**Records from a data source**
━━━━
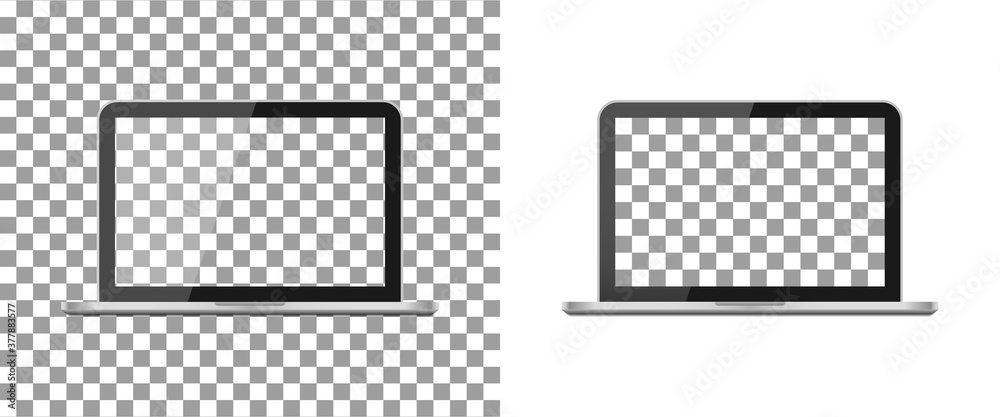 Poster laptop mockup with blank screen. pro computer with frame isolated on transparent background. png pc.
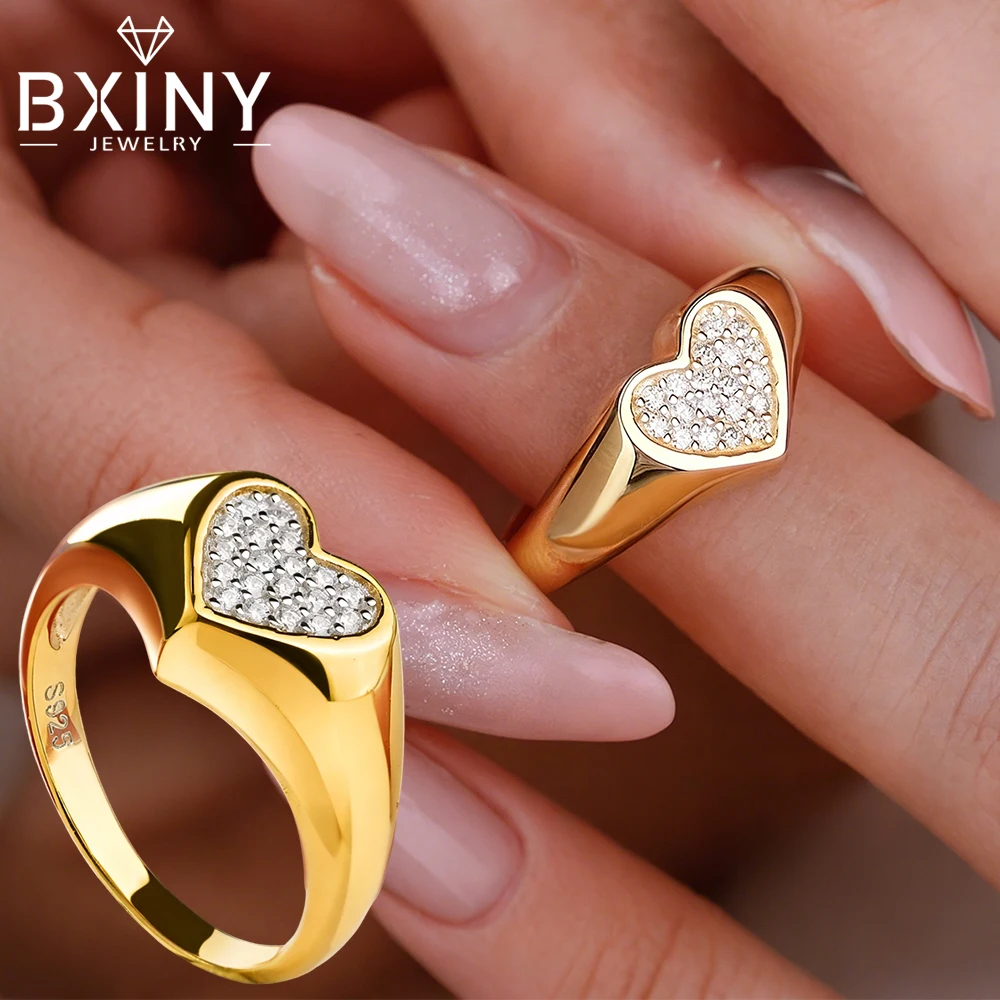 

BXINY Luxury Heart Shape All Moissanite Rings 925 Sterling Silver For Women Men Hiphop Chunky Wide Diamond Band Fine Jewelry GRA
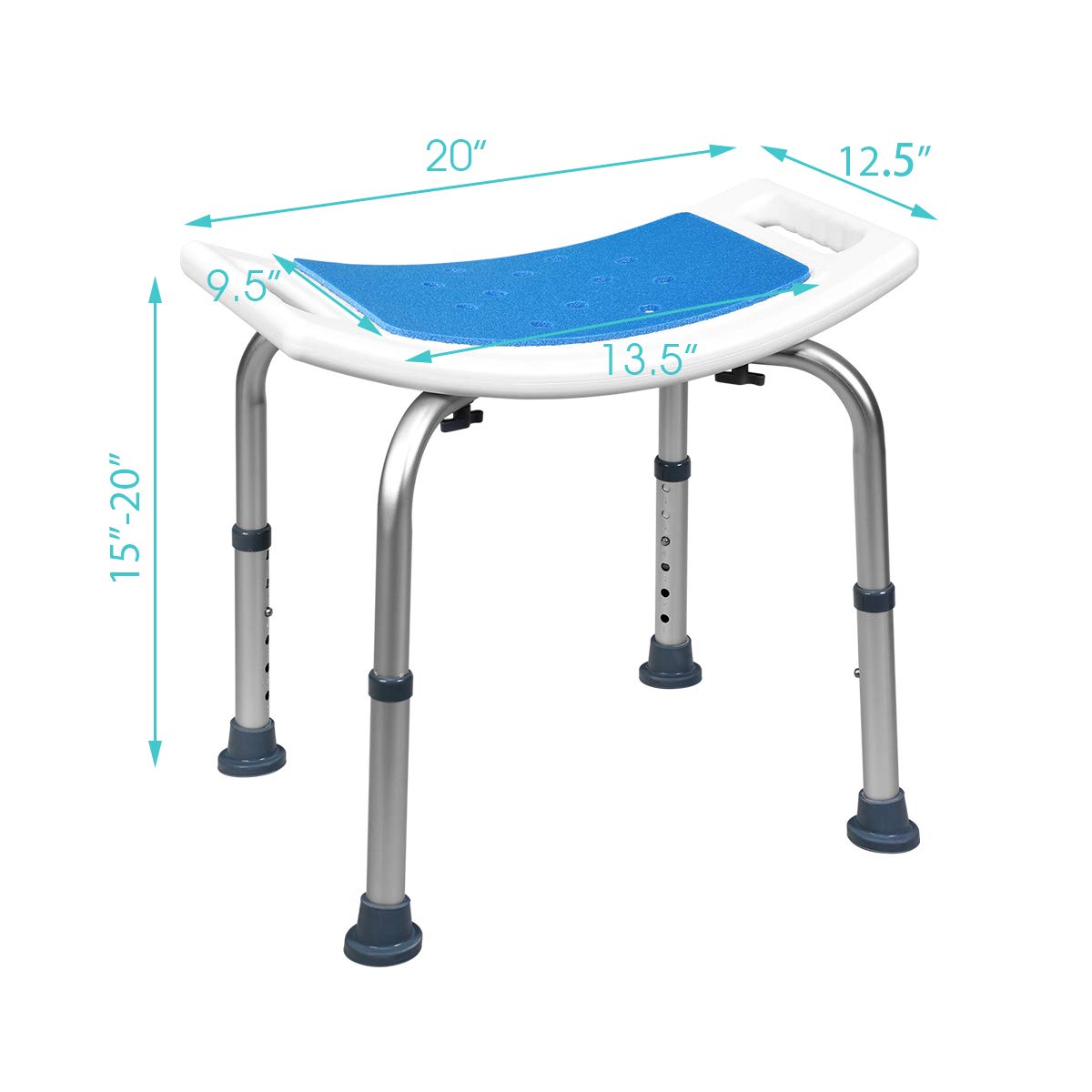 Giantex Shower Bench Adjustable Lightweight Shower Stool with Padded Seat & Built-in Handle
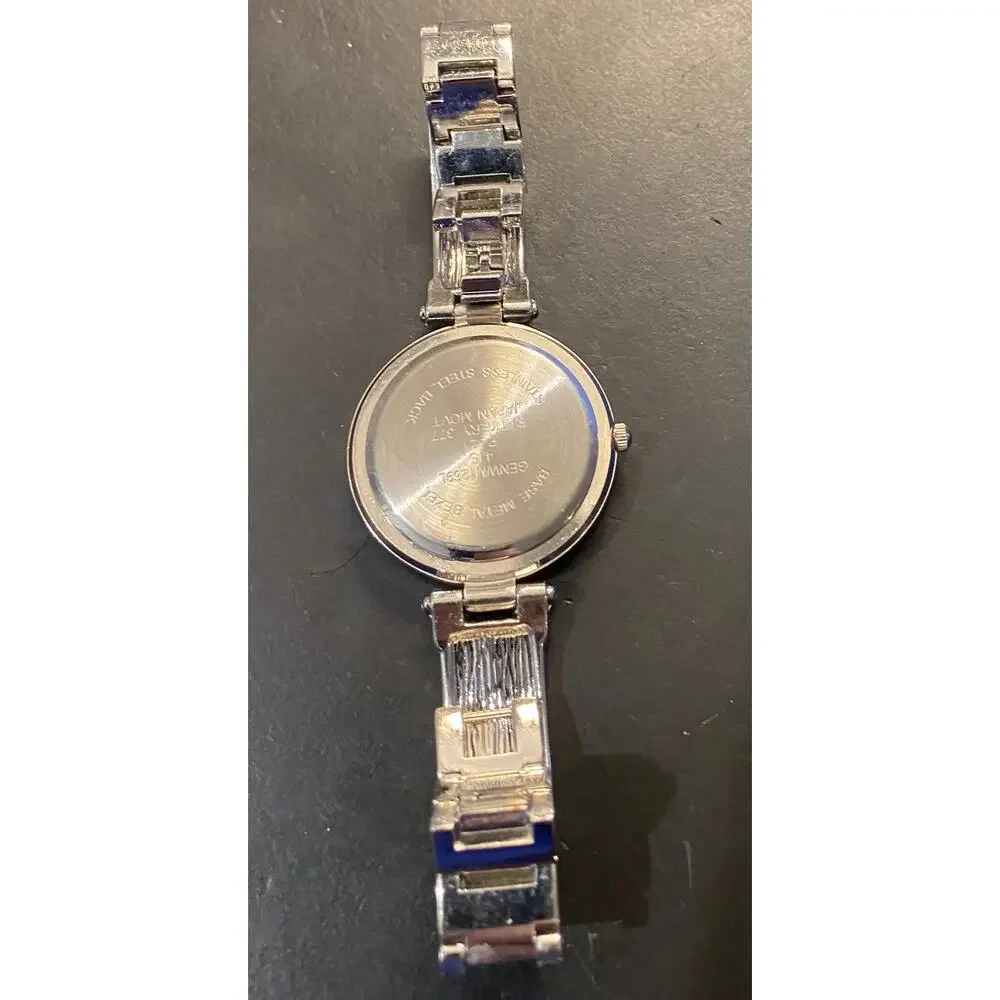 Women's 34mm Silver Tone Quartz Watch With Enamel Accents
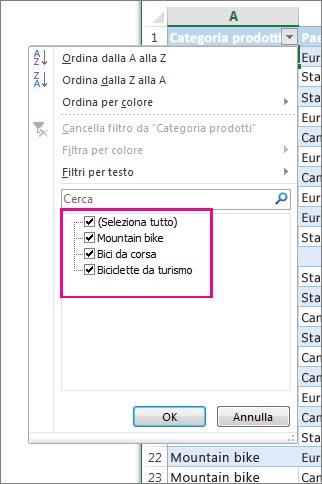 Filtrare selezionando elementi in un elenco
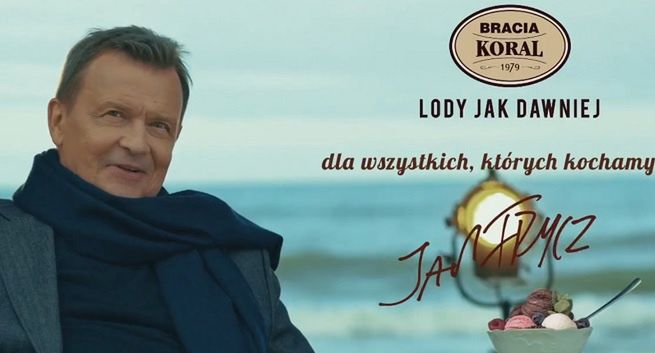 Jan Frycz reklamuje lody Bracia Koral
━━━━
**Task directions**
Lines from the one containing "Women's 34mm Silver" through the final line of the entries above are to be retyped exactly, with every picture left out.

**Task solution**
 Women's 34mm Silver Tone Quartz Watch With Enamel Accents
 Filtrare selezionando elementi in un elenco
 Jan Frycz reklamuje lody Bracia Koral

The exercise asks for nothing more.